For example, women who have been married for some time and facing divorce must be particularly vigilant about protecting their:

1.         Business

Even though it may seem incredibly unfair, a divorce can ruin your business –unless you have taken the appropriate steps to “divorce-proof” it (ideally while you were still single).

How can a divorce ruin your business? Consider this:

If you nurtured a business, and it increased in value while you were married, the amount of increased value must usually be included as part of the marital assets that will be divided between you and your husband, unless of course if you got married out of community of property without the accrual. It doesn’t matter who operated the business or how it’s titled.

2.         Retirement funds

Divorce requires the careful scrutiny of all retirement annuities and pension funds. It’s essential for your divorce settlement agreement to clearly spell out how these assets will be split and how those funds will be transferred.

Many women often make the mistake of assuming that a divorce order will fully protect their rights to their portion of their husband’s retirement annuity or pension fund. This is usually not the case, and the settlement agreement need to be drafted in a particular way to include these assets.

3.         Insurance

Most women pay careful attention to their health insurance needs. But, don’t forget: In your new role as a single woman, you’ll need to consider life, property/casualty and disability insurance, as well. What’s more, if you will be receiving child maintenance you will want an insurance policy that protects you financially in the event something happens to your ex-husband.
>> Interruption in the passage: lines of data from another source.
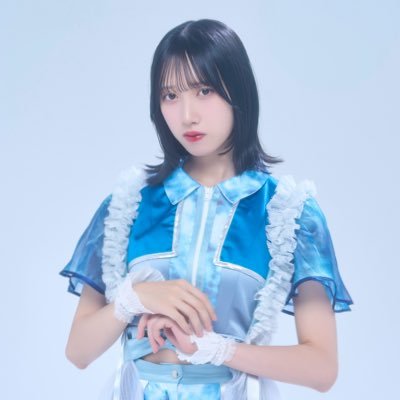 @AsIs_OFC ハタチ!166cm ピンク担当 メンバー最高身長最年少!アイドル2年生^^特技はドラムです #姫様護衛活動 #AsIs ライブ情報▶︎https://t.co/8s0ltelPM1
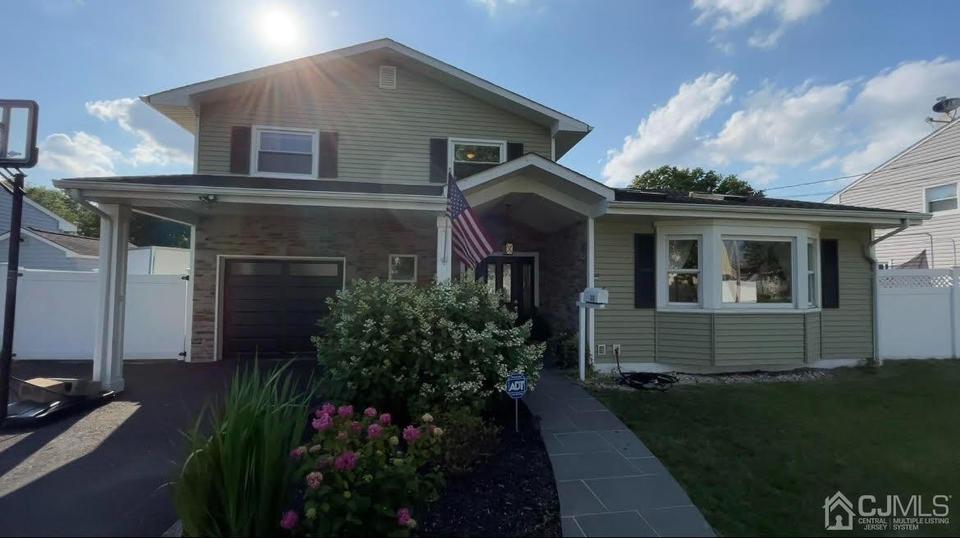 317 Rosewood Ln, Port Reading, NJ 07064 45 Photos MLS 2119459R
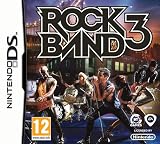 Rockband 3 (Nintendo DS)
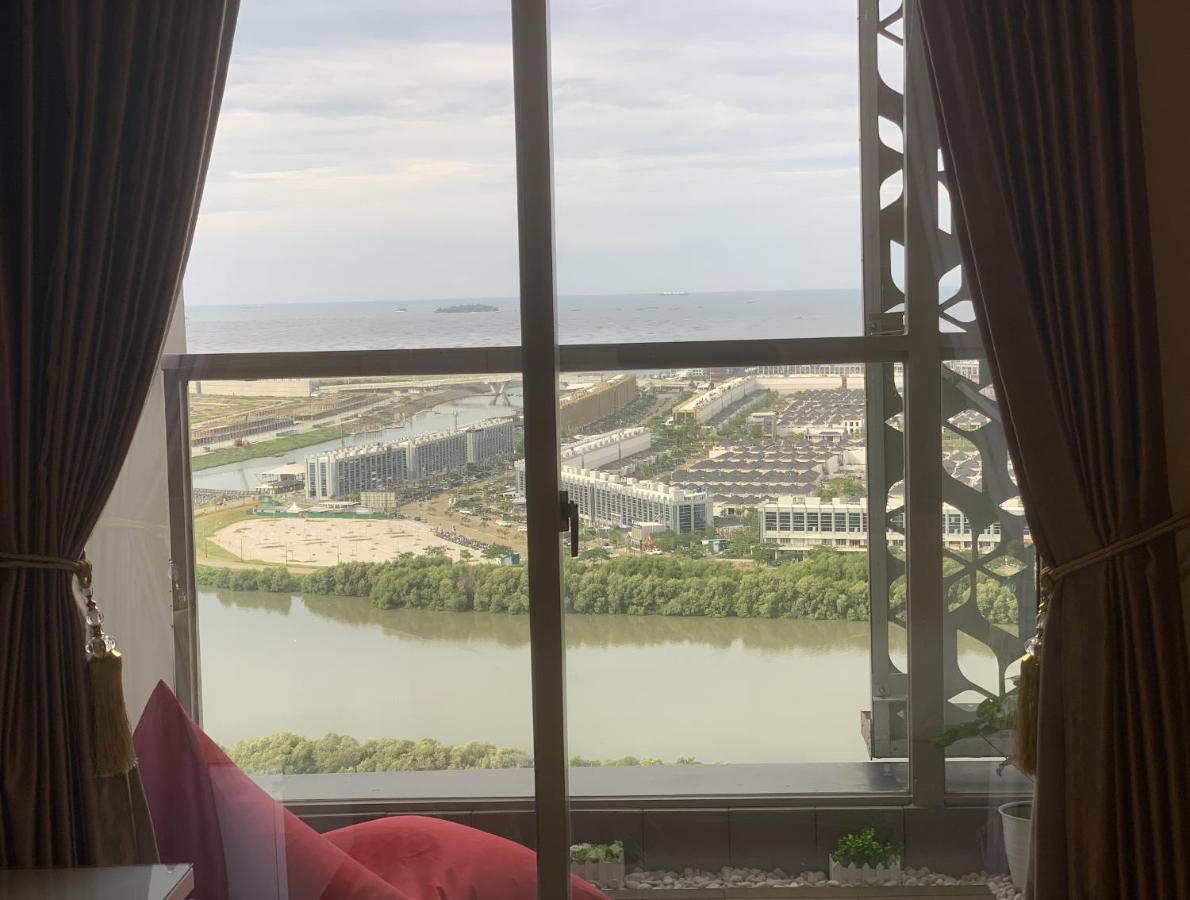 Sea View Aparthotel *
4.         Short-term and long-term financial stability

Following your divorce, you’ll need financial stability in the short-term, and you’ll have to take the right steps to plan for financial security into your retirement years.  For starters, you must create a budget that will allow you to maintain your lifestyle, pay off debt and increase your savings.

But, what happens if the divorce settlement doesn’t provide enough income to pay your expenses? In that case, you will need to start immediately liquidating assets to maintain your lifestyle.
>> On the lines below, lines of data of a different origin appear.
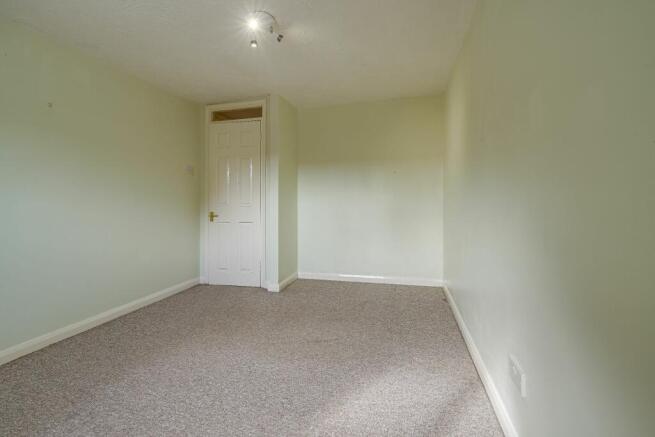Double Bedroom (view b)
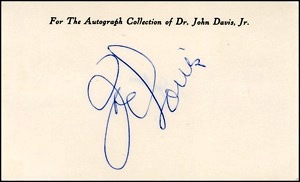 Authenticated Exemplar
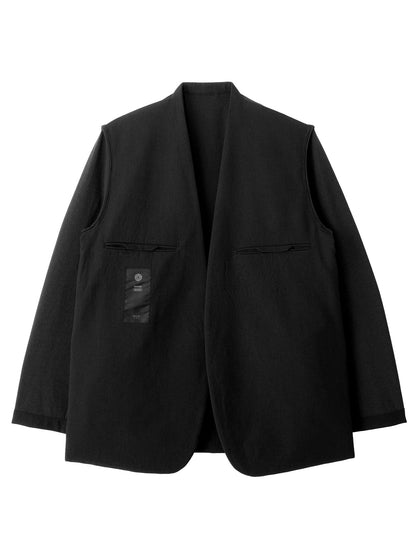 DEVICE JKT MINUS - GC #SHADOW【GHOST CODE】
5.         Assets that he concealed

What happens when you find out 2 years after the divorce of certain assets that your husband did not disclose and which would have had an impact on your initial divorce settlement? A good divorce attorney will know how to deal with issues such as these in a divorce settlement agreement, to allow a claw back to claim any assets that your ex might have hide.

The following steps may be recommended for women in a divorce:

  1. Set a financial goal — be as diligent about money as you are about fitness or your career or about anything else.
  2. Train yourself to be financially independent — don’t allow yourself to become reliant upon your partner’s decisions, and become involved in long-term financial planning.
  3. Buy your own home — don’t wait for Prince Charming to come along and do it for you.
  4. Fund your retirement annuity — an important step for everyone, not just young women.
  5. Opt for long-term planning over crisis management — get serious about money now; don’t wait for trouble to strike.
  6. Start investing — do it now, and don’t be afraid to make mistakes.
  7. Don’t fear risk — women are especially prone to conservative investments; be willing to seek aggressive growth when appropriate.
  8. Don’t go it alone — work with a financial planner to educate yourself and to feel more secure in your decisions.
  9. Know that it’s never too late — remember that you can start late and finish rich.

About the author:

Bertus Preller is a Divorce and Family Law Attorney in Cape Town and has more than 20 years experience in most sectors of the law and 13 years as a practicing attorney. He specializes in Family law and Divorce Law at Abrahams and Gross Attorneys Inc. in Cape Town. Bertus is also the Family Law expert on Health24.com and on the expert panel of Law24.com and is frequently quoted on Family Law issues in newspapers such as the Sunday Times and Business Times. His areas of expertise are Divorce Law, Family Law, Divorce Mediation, Parenting Plans, Parental Responsibilities and Rights, Custody (care and contact) of children, same sex marriages, unmarried fathers rights, domestic violence matters, international divorce law, digital rights, media law and criminal law.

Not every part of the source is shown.